In this project, we propose to query “how the spatial organization of damage- associated hepatocytes and their association with the tissue microenvironment is altered during the progression of metabolic-dysfunction associated steatotic/fatty liver disease (MASLD) to HCC”. We will spatial transcriptomics platforms including the Nanostring GeoMX DSP (to explore gene expression signatures in regions of interest or “spatial neighbourhoods” within the fatty liver or the associated tissue/tumour microenvironment), and the Nanostring CosMx, Spatial Molecular Imaging (SMI) platform (to identify unique, single-cell-based gene expression, pairwise cell-interactions that can aid in the discovery of mechanistic hypotheses around how specific interactions between tumour cells and their microenvironment (immune, fibroblast, endothelial cells) determine chronic liver disease progression to HCC development.
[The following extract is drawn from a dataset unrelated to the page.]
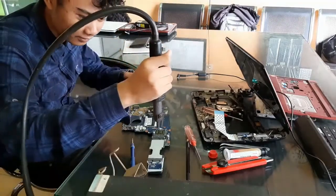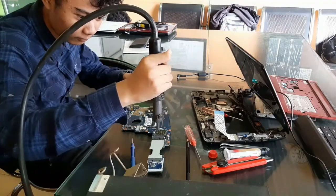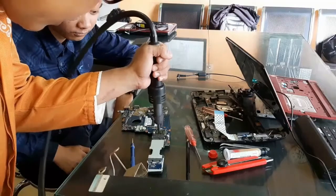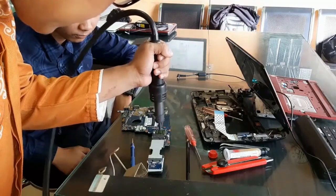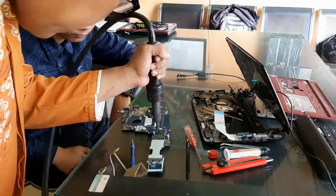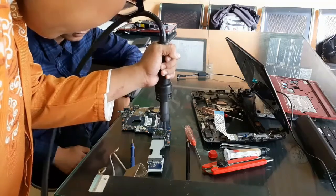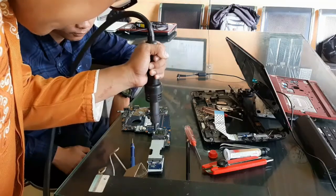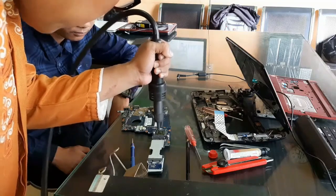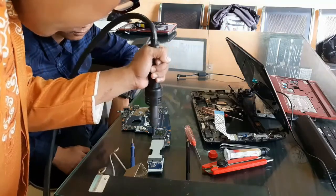Yang terjadi adalah keretakan timah di bawah chipset itu. Blower dengan panas yang memusat, kita goyang perlahan — itu akan memulihkan keretakan timah di bawah chipset. Jaraknya cukup dekat, asal jangan menyentuh. Tujuannya agar timah di bawah chipset VGA mencair dan menemukan kembali kaki-kakinya sehingga keretakannya tertutup.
We will focus on a carefully curated set of cross-sectional patient samples representing early to late stages of fatty liver disease/steato-hepatitis (MASH) as well as HCC that are associated with fatty liver disease (with non-NASH-HCC as control). Additionally, we will be testing our hypothesis in longitudinal samples isolated from preclinical models of mice fed on modified Western diet/high fat diet , that display markedly enhanced tumorigenesis upon induction with chemical carcinogens (such as DEN).

Students are expected to gain significant experience in spatial transcriptomics workflow/platforms, tissue processing, data analysis/bioinformatics, chronic disease modelling in mouse models in vivo, immunohistochemistry and in vivo functional validation studies aimed at testing mechanistic hypotheses derived from the discovery cohort studies.